Relegation and promotion playoffs – a consistently contentious issue
Royal AM FC celebrate their win after the GladAfrica Championship 2020/21 game against Cape Town All Stars at Chatsworth Stadium on 23 May 2021. © Steve Haag/BackpagePix

The South African football season is near its conclusion, and once again the issue of relegation/promotion has come to the fore. Will they ever be scrapped?

While the Premier Soccer League (PSL) scrambles to resolve the issue of crowning a GladAfrica Championship champion, the matter of the relegation and promotion playoffs is in the spotlight once again.

Consistently, as the season draws to a close, and both the DStv Premiership and Championship logs begin to take shape for that specific season, talk turns to the merits of having promotion/relegation playoffs.

Under the current format, the team that finishes last in the top-flight falls down to the Championship automatically, and the team that finishes first in the second tier is propelled straight to the Premiership.

The playoffs then see the team that finishes 15th in the top-flight fight it out with the teams that finish second and third in the Championship in a round-robin group format.

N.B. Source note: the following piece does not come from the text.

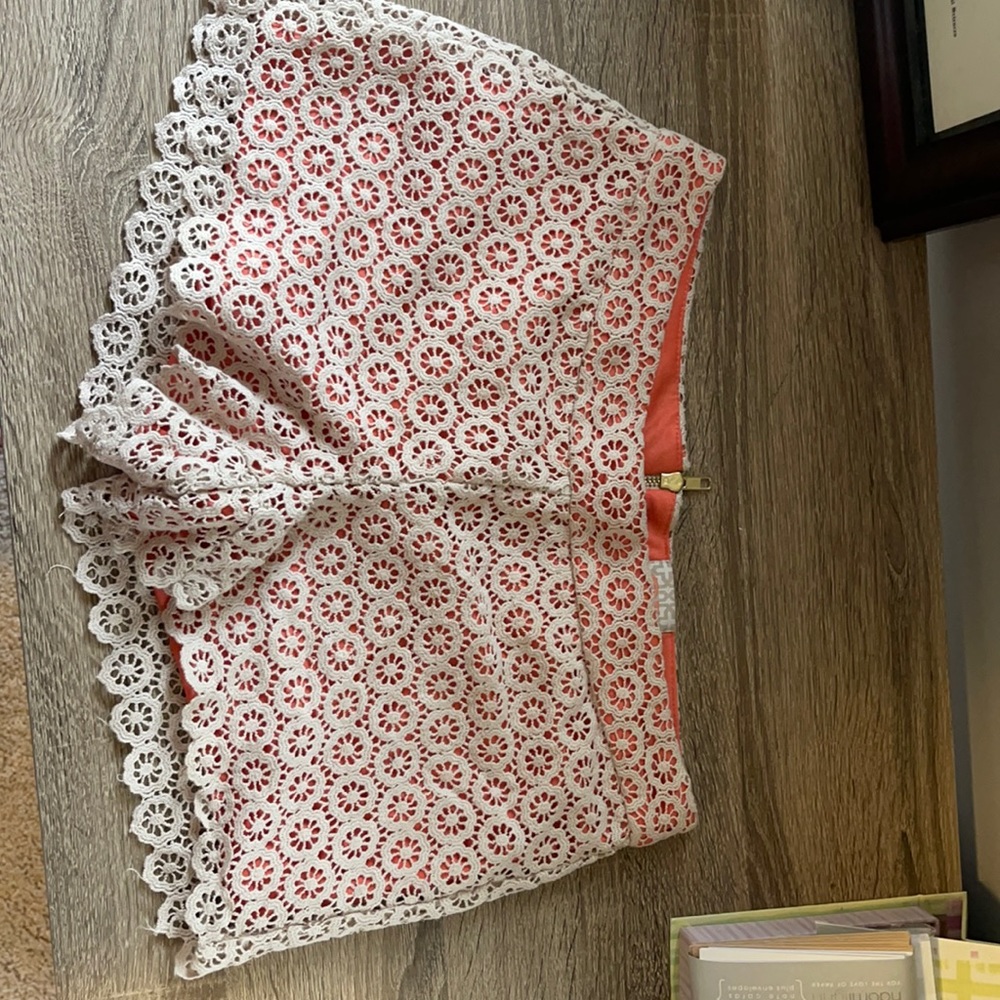 Lace and coral shorts sz 3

The team that accumulates the most points during that phase either retains its Premiership status, or a new team is promoted.  

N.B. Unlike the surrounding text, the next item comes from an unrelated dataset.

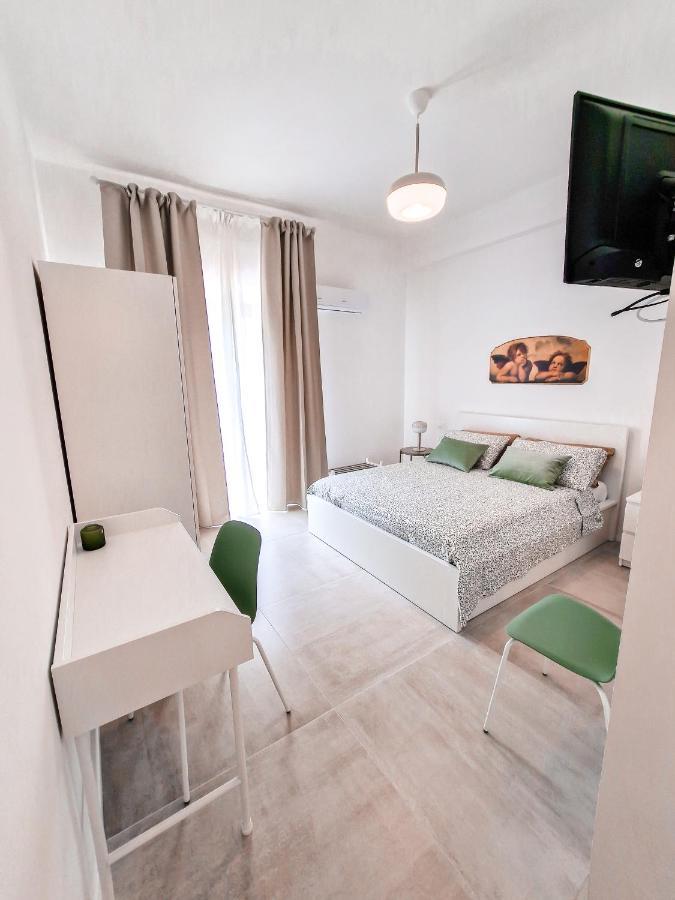 Holy Dove By Wonderful Italy Apartment เชฟาลู ภายนอก รูปภาพ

At a recent appearance by South Africa football custodians before the Department of Sport’s oversight committee, PSL chairperson Irvin Khoza explained the logic behind having the playoffs as opposed to the ideal situation of two teams suffering relegation and two others gaining automatic promotion.

“The ideal situation is supposed to be two down and two up. But when we configured the PSL in 1996, there was a lot of give and take, a lot of sacrifices to make sure that the league is viable and the funding model is viable. Because not all the clubs at that point in time were marketable, to get sponsors. We had to find a way of how best to create an exciting, competitive league,” said Khoza

“Fast forward to [today], the league spends R114-million in subsidising the first division… If you want that ideal situation, it means everybody must fend for themselves. You can’t go and subsidise and at the same time be disadvantaged. So that is a bit of a tricky situation”.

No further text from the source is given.